I would like to take a closer look at the impact the social media has had on the movie going public, the entropy of the intellectual cinema due to the market forces and the perpetual problem of monetization of a work of art that cinema should be.

And where is the story/cinema auteur in all of this? I think there will alwayas be a public for sensitive cinema made as an art-experience, as there will always exist a public for fine literature. 

But I also see the emergence of a few trends which might change the way we make movies in the coming decade. And I believe this coming 10-15 years will bring forth new ways to tell stories, unlike anything we’ve seen before, and it will be more accessible than it has ever been before. All of this will have a major impact on the Auteur Filmmaker/Storyteller. In the most profound way.

Let’s go!

“True social interaction in Virtual Reality can be created in two ways: A. multiplayer interactions connecting live users synchronously, and B. through true AI actors that interact and respond naturally based on the user’s nuanced interactions and cues. (I’m referring to pure, deep AI in this case, not the simple AI of playing against the game itself, which is quite common today).” – Jacob Mullins  –  “VR + AI: the very real reality of virtual artificial intelligence”

The entropy of the experience of the story

I think what Paul Shrader is communicating is both provocative and most probably highly unpopular.

Mr. Shrader makes a point that net’s all encompassing nature has given us access to the whole world’s catalog of films. All of this with barely a flick of the finger. How many thousands of hours of beating can our conscious/subconscious mind take before it screams from nausea and begs us to stop? Is the media overload unavoidable in our times? How many Narcos, House of Cards, The killings, can our brain assimilate? All of them amazing mini-series in their own rights, but when the occasional binge becomes a full-tme habit, what then? Are we destined to become media junkies without any harder fix around the corner?

It’s not only the sense that we’ve seen everything. Every possible configuration of the story.

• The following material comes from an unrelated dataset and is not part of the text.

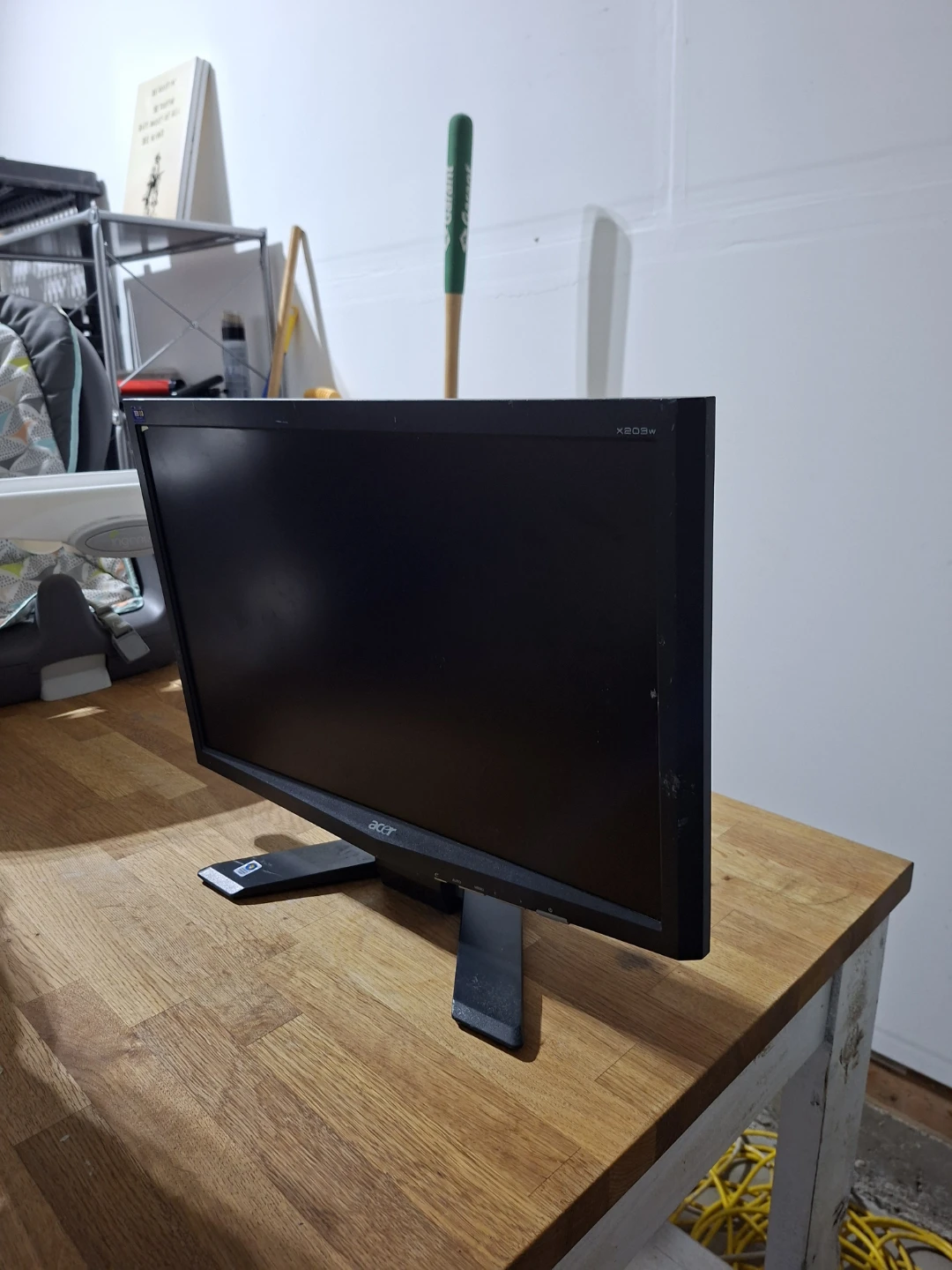 20" Acer LCD Monitor (X203W) – Untested / As-Is - photo 2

But it’s also the social media’s immediacy, the constant interaction, around the clock availability, and general amount of noise which it generates. This is so intense, that I believe our patience has deteriorated into a five year olds kiddo. And this kid has no idea what good manners are.  Being plugged into the matrix, 24/7, is not only giving us our fix, but it’s also rewiring our brain, psychology, perception of reality, and what goes with it, our behaviour.

As the tempo of our lives is accelerated, so are our expectations of the next short snippet of story or anything that will amuse us, frighten us or just jerk us into tears. Unfortunately, this bombardement of our senses and emotions also leads to numbing down of our sensitivity.

We not only demand more, but we become full-baked connoisseurs of the cinema. And when that doesn’t work, we throw fits, and unload our fury all over Facebook why the latest movie didn’t give us the instant gratification we expected from it.

So where do we go from here? How can the artist hope to flourish and satiate the insatiable audience? Are there any alternatives in the near-future?

The emergence of the new Auteurs

I believe that no matter how you look at it, film will always be prohibitive because of the costs involved. I should know, I am a filmmaker, and after many short films, I am now preparing my feature film debut, an indie film on a small scale budget.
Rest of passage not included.